The Frankfurt School’s biggest intellectual creation was Critical Theory, an approach to cultural analysis that focuses on criticizing existing social structures. To counter Critical Theory, Social Justice, and Progressivism, I argue that the message, goals, and sapience from organizations like the Heterodox Academy, FIRE, and the Templeton Foundation and their “progressive” programs, trump critical theory as you will see in later articles and Chapter 12 of The SAPIENT Being.
Along with sapience, they are creating a reasonable and illuminating path for second age of enlightenment on campus to follow that promotes viewpoint diversity, cherishes intellectual humility and fights for freedom of speech. To understand and appreciate this second age of campus enlightenment, we need to first understand and identify Critical Theory, New Modernism, and Progressivism.
Understanding Critical Theory and the Frankfurt School
Critical Theory is a social theory oriented toward critiquing and changing society as a whole. It differs from traditional theory, which focuses only on understanding or explaining society. Critical theories aim to dig beneath the surface of social life and uncover the assumptions that keep human beings from a full and true understanding of how the world works.
Over the years, many social scientists and philosophers who rose to prominence after the Frankfurt School have adopted the goals and tenets of critical theory. We can recognize critical theory today in many feminist theories and approaches to conducting social science. It is also found in critical race theory, cultural theory, gender, and queer theory, as well as in media theory and media studies.
Critical theory as it is known today can be traced to Marx's critiques of the economy and society. It is inspired greatly by Marx's theoretical formulation of the relationship between economic base and ideological superstructure and focuses on how power and domination operate.
Following in Marx's critical footsteps, Hungarian György Lukács and Italian Antonio Gramsci developed theories that explored the cultural and ideological sides of power and domination. After seeing that wealth and quality of life for workers was increasing after his imprisonment from the Italian fascist regime, Gramsci theorized from his many letters published in his Prison Notebooks written between 1929 and 1935, that traditional Western values must be destroyed in order to promote Communism, because old Marxist economic arguments could no longer be made.
In other words, workers were no longer poor enough and desperate enough for Communism to appeal to them.

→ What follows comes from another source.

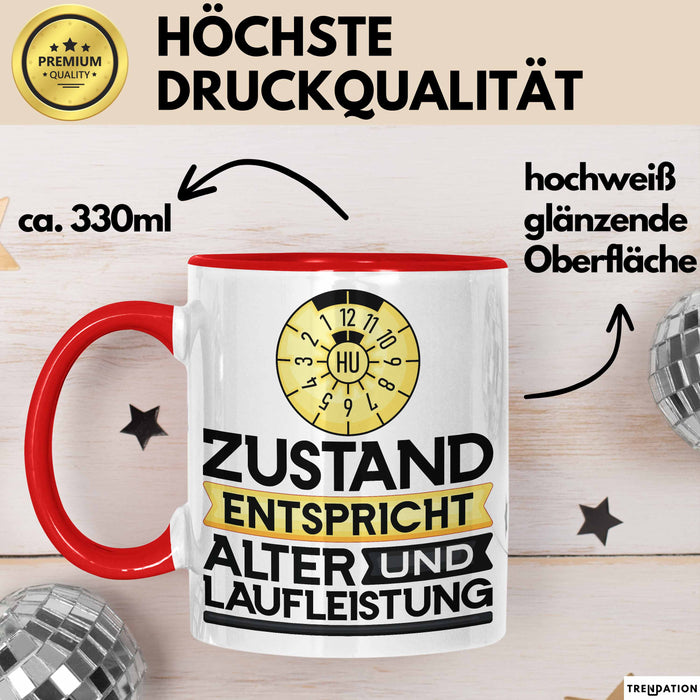 TÜV Alter Tasse Geschenk Lustiger Spruch Geburtstag Humor Rot Trendation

For these ideas to take hold, cultural structures such as religion (Christianity), the family, and traditional values of personal responsibility must be broken down.
Shortly after Lukács and Gramsci published their ideas, the Institute for Social Research was founded at the University of Frankfurt, and the Frankfurt School of critical theorists took shape. The work of the Frankfurt School members, including Max Horkheimer, Theodor Adorno, Erich Fromm, Walter Benjamin, Jürgen Habermas, and Herbert Marcuse (whom I already introduced), is considered the heart of critical theory.
One of the most influential members of the Frankfurt School, Herbert Marcuse fled to Columbia University in New York in 1934 following Hitler’s rise to power where the new Frankfurt School of Columbia was started. The Frankfurt School, known more appropriately as Critical Theory, is a philosophical and sociological movement spread across many universities around the world.
During the civil rights and antiwar movements against the Vietnam conflict in the 1960s, Marcuse's One-Dimensional Man: Studies in the Ideology of Advanced Industrial Society, a 1964 best seller by the philosopher, primarily known by the "power of negative thinking" became the standard for revolutionary speech in the movement he called the "Great Refusal."
His devotees included campus radical Angela Davis, from Brandeis University. Countless students read his books. New Left marchers carried posters of his face, along with images of the Chinese communist leader Mao Tse Tung, the Argentinean guerrilla leader Che Guevara, and the Vietnamese president Ho Chi Minh.
In contrast to orthodox Marxism, Marcuse champions non-integrated forces of minorities, outsiders, and radical intelligentsia, attempting to nourish oppositional thought and behavior through promoting radical thinking and opposition. One-Dimensional Man made Marcuse famous for this.